Locals react to city-wide boil water notice
LAREDO, Tex. (KGNS) - Back in 2019, the TCEQ visited the gateway city and conducted an internal and external investigation after a boil water notice.
They reportedly discussed disinfection issues and what the city should be doing in the future.
Despite all of this, many Laredoans demand answers as to why it happened once again.
For the second time in less than three years, the city is back under a boil water notice.
Many of the people KGNS spoke to can’t wrap their heads around the fact we are in the same position once again, and with city leaders rather tight-lipped about the situation, the question remains... why does this keep happening?
“It’s disappointing that we have to do this again. I think we’re the tenth largest city in Texas and for a city of our size to continue to have these problems is very unfortunate and very disappointing.”
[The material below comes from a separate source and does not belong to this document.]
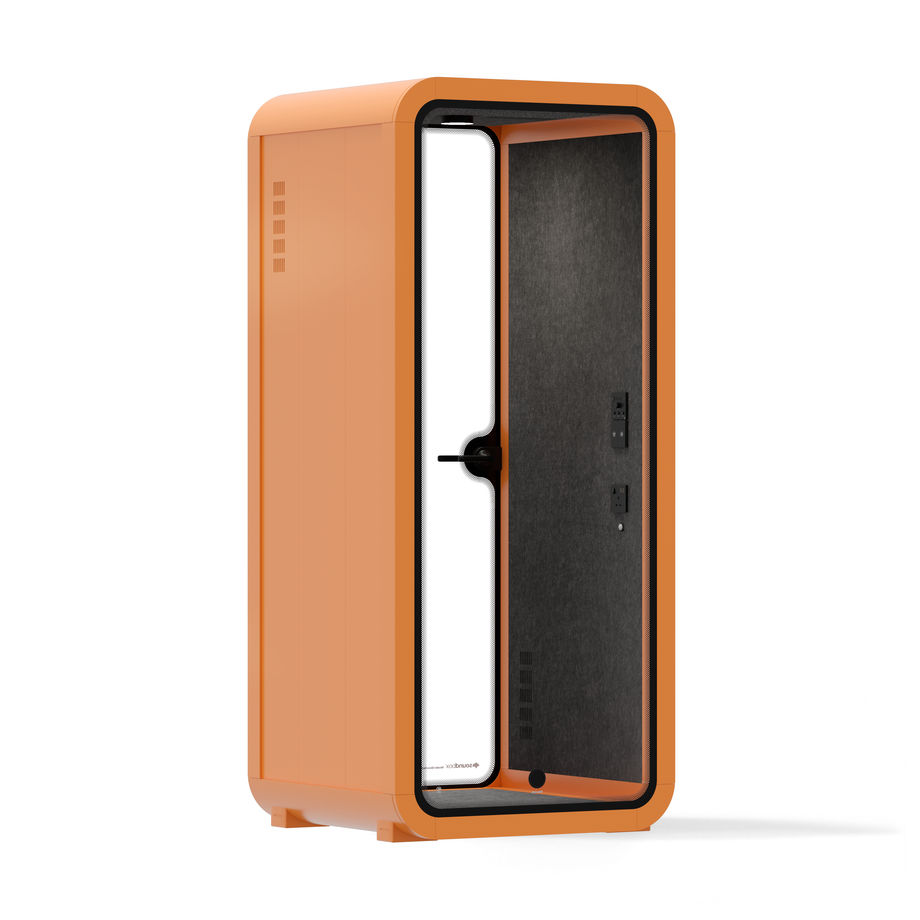 Office Pod Quell AcousticOrange / No Furniture / Dark Grey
Like many other Laredoans, “Rick” rushed to the store Monday morning to purchase what is likely to become a hot commodity in the city: bottled water.
The latest warning from the TCEQ follows the 2019 boil water notice that took over a month to resolve.
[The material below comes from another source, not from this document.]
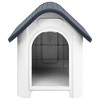 VidaXL Dog House Gray 23.2"x29.5"x26" Polypropylene - 2 of 4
“More attention needs to be taken by the people who run the water plant, because they need to be checking the chlorine levels so the water can be consumed,” said Pedro Suztaeta.
Initially, the boil water notice covered areas of the southeast and part of the Chacon neighborhood, now it’s city-wide. Officials who were expecting to have the day off because of the holiday are now expected to meet in City Hall and determine what to do next and how they’re going to answer these mounting questions.
“I’m hoping our leadership will do something about the problem so we don’t have to go through this again,” said “Rick.” “We’re going from one crisis to another to another to another.... and now we’re having to go back to buying bottled water.”
Blanca Erika Burgos has been the manager at Taco Mais for six years and says the restaurant learned from the previous boil water notice how to stay afloat.
She says, “Everything we use for cooking- we have our own water filtration system. For other things like cleaning we use regular water. So, we’re not experiencing any problems. Last time, we had to boil everything.”
For regular shoppers, the quest is on as stores limit the amounts that can be purchased with some fearing it might impact other necessities.
“I had to all my sister in San Antonio to say, ‘hey, buy me 5 cases up there’ and she’s just kind of wondering why, and then she said, ‘oh yeah, it has something to do with the chlorine levels, the heat, because of the chlorine levels, the TCEQ mandating we have to boil our water.’ For a city this size to have go through that again, it’s very upsetting, very unfortunate, very frustrating, very disappointing.”
As chlorine levels continue to be monitored, the goal for the next 72 hours is to remove areas from the boil water notice in areas that can maintain residuals.
While the public is advised to drink bottled water, but hoarding cases is discouraged.
City officials say they will notify customers when the water is once again safe for drinking.